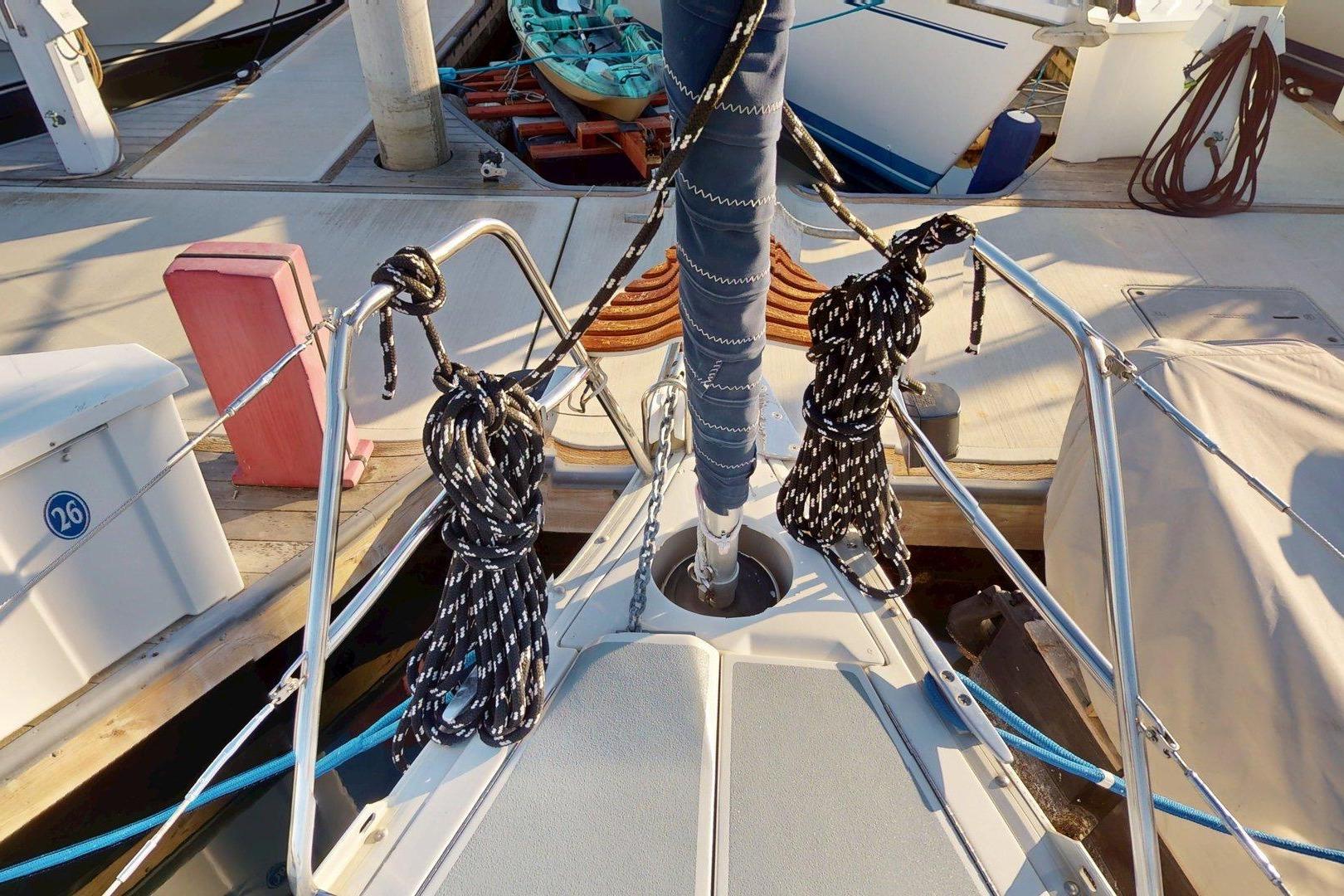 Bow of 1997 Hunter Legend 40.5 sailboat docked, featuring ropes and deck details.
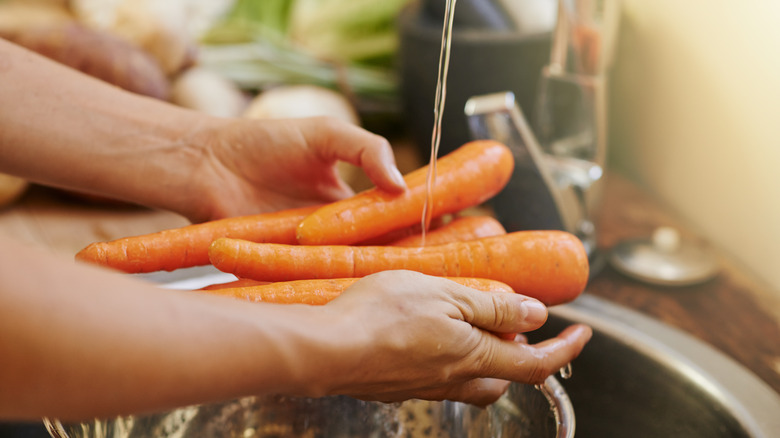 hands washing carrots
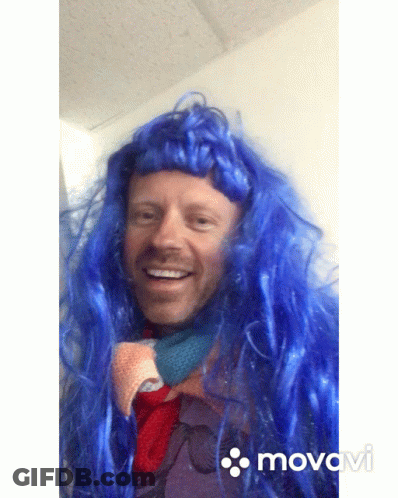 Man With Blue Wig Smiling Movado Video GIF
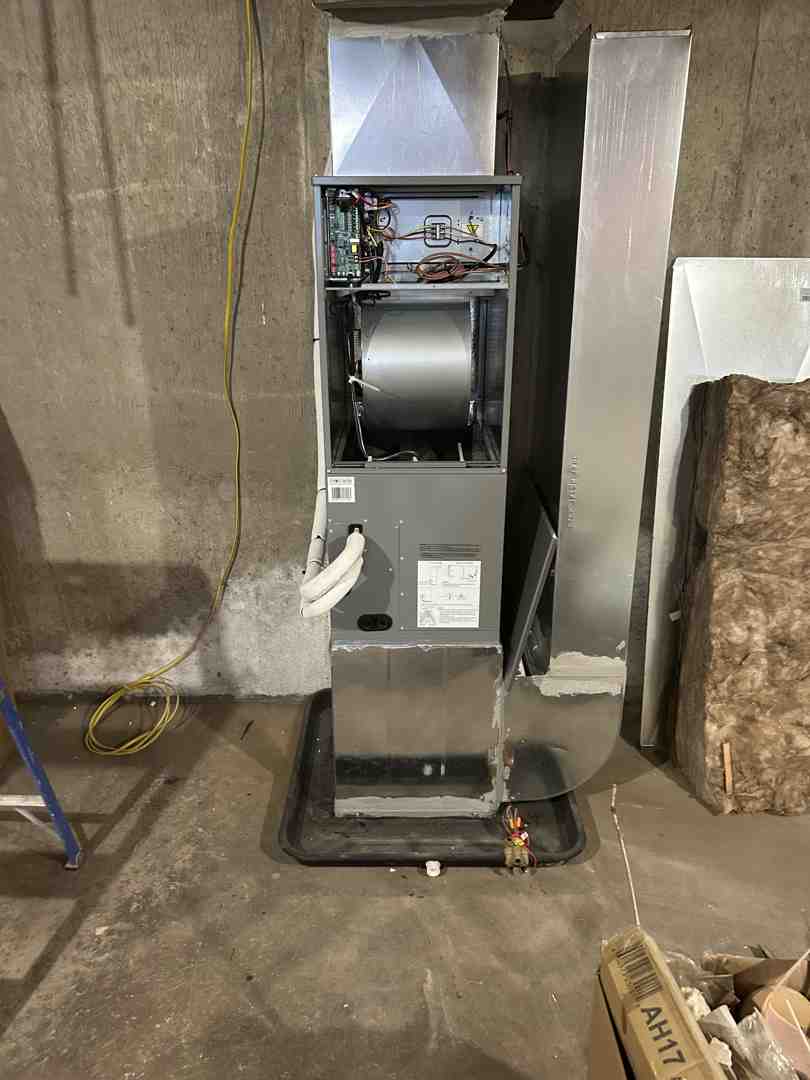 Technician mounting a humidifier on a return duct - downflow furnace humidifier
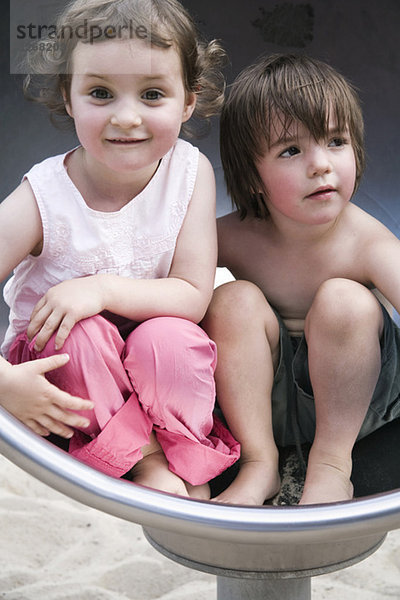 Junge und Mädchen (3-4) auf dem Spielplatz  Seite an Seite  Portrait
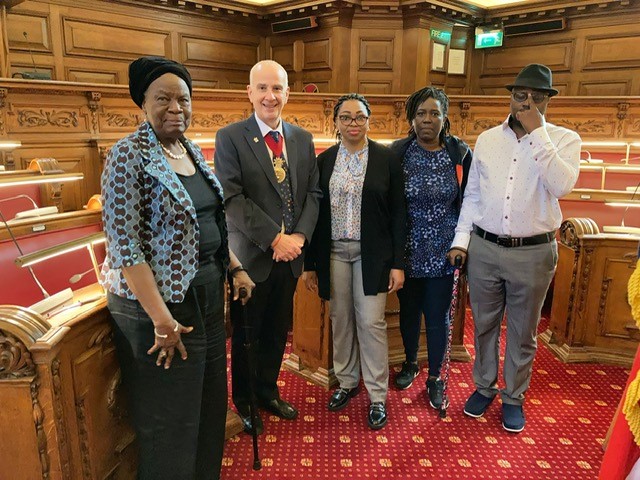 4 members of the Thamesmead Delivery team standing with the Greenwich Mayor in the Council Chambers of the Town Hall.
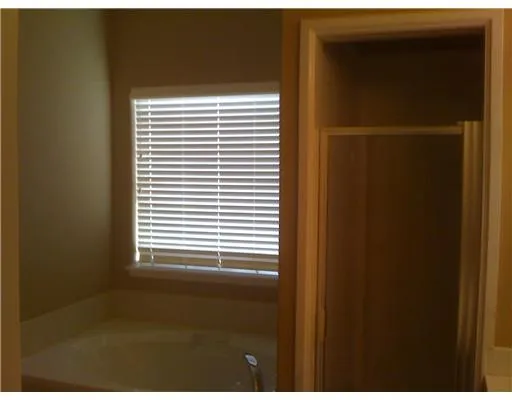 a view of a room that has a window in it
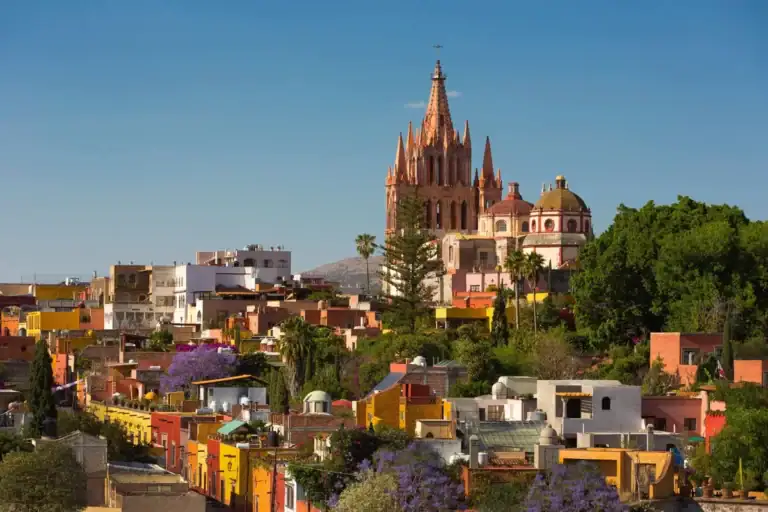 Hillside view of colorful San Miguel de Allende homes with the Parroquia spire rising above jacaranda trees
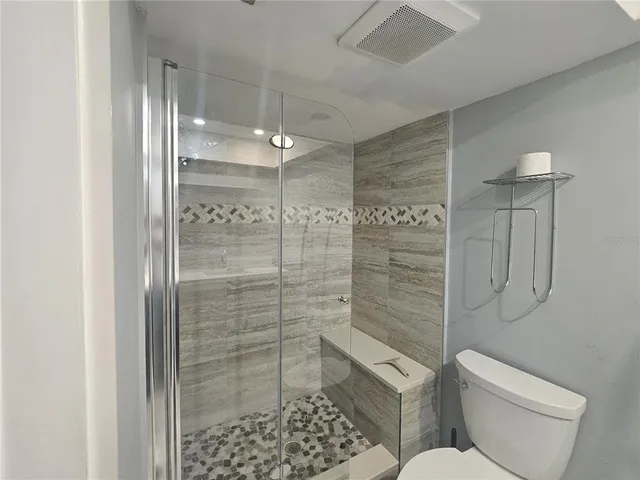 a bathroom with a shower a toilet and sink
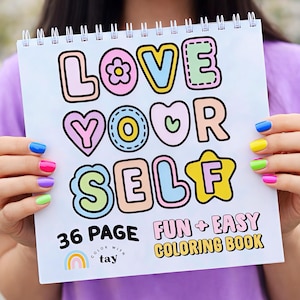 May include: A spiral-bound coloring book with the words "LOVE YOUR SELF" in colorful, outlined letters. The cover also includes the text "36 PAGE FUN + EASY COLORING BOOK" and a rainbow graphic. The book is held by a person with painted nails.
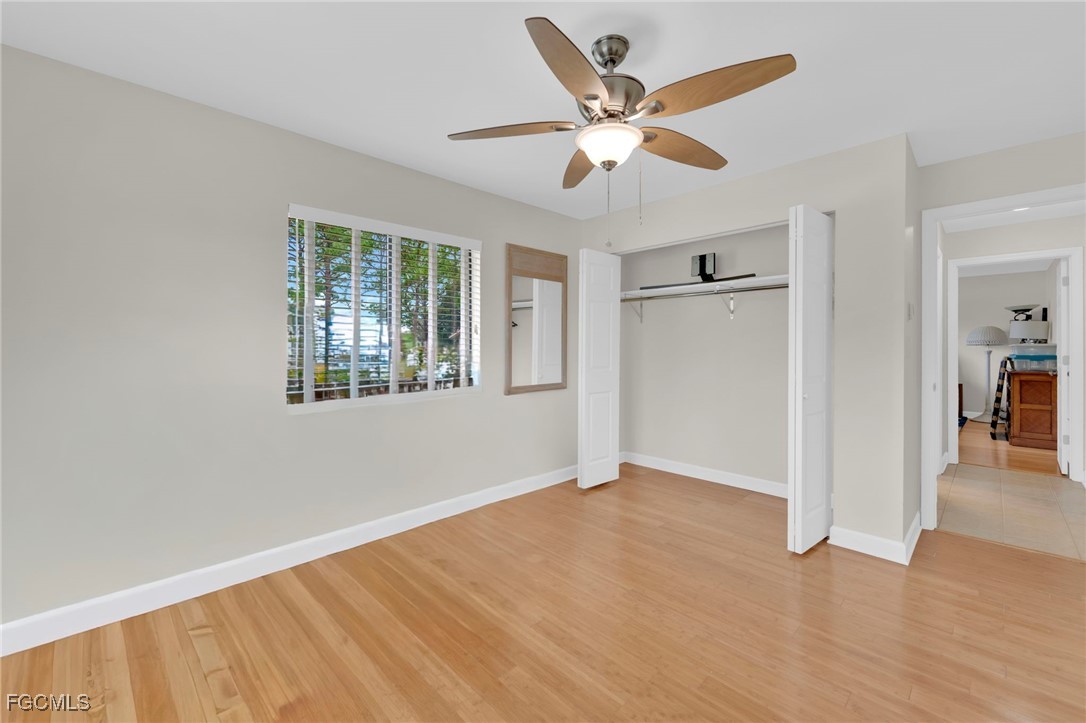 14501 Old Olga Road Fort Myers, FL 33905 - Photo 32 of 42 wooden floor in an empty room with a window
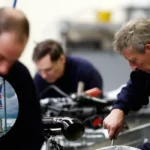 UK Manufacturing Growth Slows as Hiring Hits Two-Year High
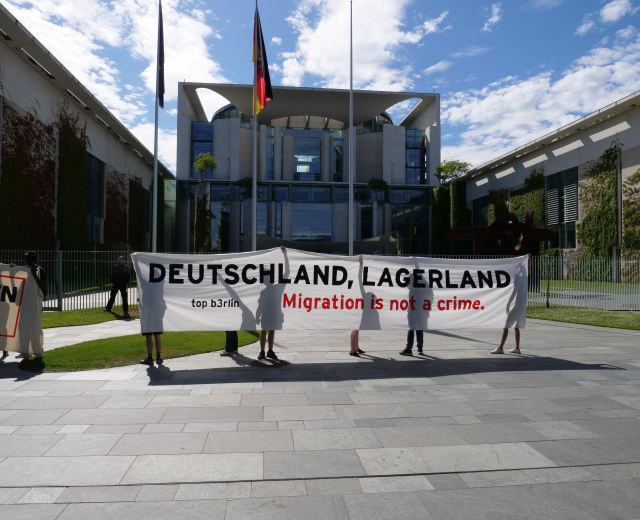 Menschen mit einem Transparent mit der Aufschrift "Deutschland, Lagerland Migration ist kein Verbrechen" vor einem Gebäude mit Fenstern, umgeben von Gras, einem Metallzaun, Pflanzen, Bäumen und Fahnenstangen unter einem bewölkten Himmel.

## PROBLEM STATEMENT
Your copy should match the listing exactly, apart from the pictures it leaves out.

## TASK SOLUTION
 Bow of 1997 Hunter Legend 40.5 sailboat docked, featuring ropes and deck details.
 hands washing carrots
 Man With Blue Wig Smiling Movado Video GIF
 Technician mounting a humidifier on a return duct - downflow furnace humidifier
 Junge und Mädchen (3-4) auf dem Spielplatz  Seite an Seite  Portrait
 4 members of the Thamesmead Delivery team standing with the Greenwich Mayor in the Council Chambers of the Town Hall.
 a view of a room that has a window in it
 Hillside view of colorful San Miguel de Allende homes with the Parroquia spire rising above jacaranda trees
 a bathroom with a shower a toilet and sink
 May include: A spiral-bound coloring book with the words "LOVE YOUR SELF" in colorful, outlined letters. The cover also includes the text "36 PAGE FUN + EASY COLORING BOOK" and a rainbow graphic. The book is held by a person with painted nails.
 14501 Old Olga Road Fort Myers, FL 33905 - Photo 32 of 42 wooden floor in an empty room with a window
 UK Manufacturing Growth Slows as Hiring Hits Two-Year High
 Menschen mit einem Transparent mit der Aufschrift "Deutschland, Lagerland Migration ist kein Verbrechen" vor einem Gebäude mit Fenstern, umgeben von Gras, einem Metallzaun, Pflanzen, Bäumen und Fahnenstangen unter einem bewölkten Himmel.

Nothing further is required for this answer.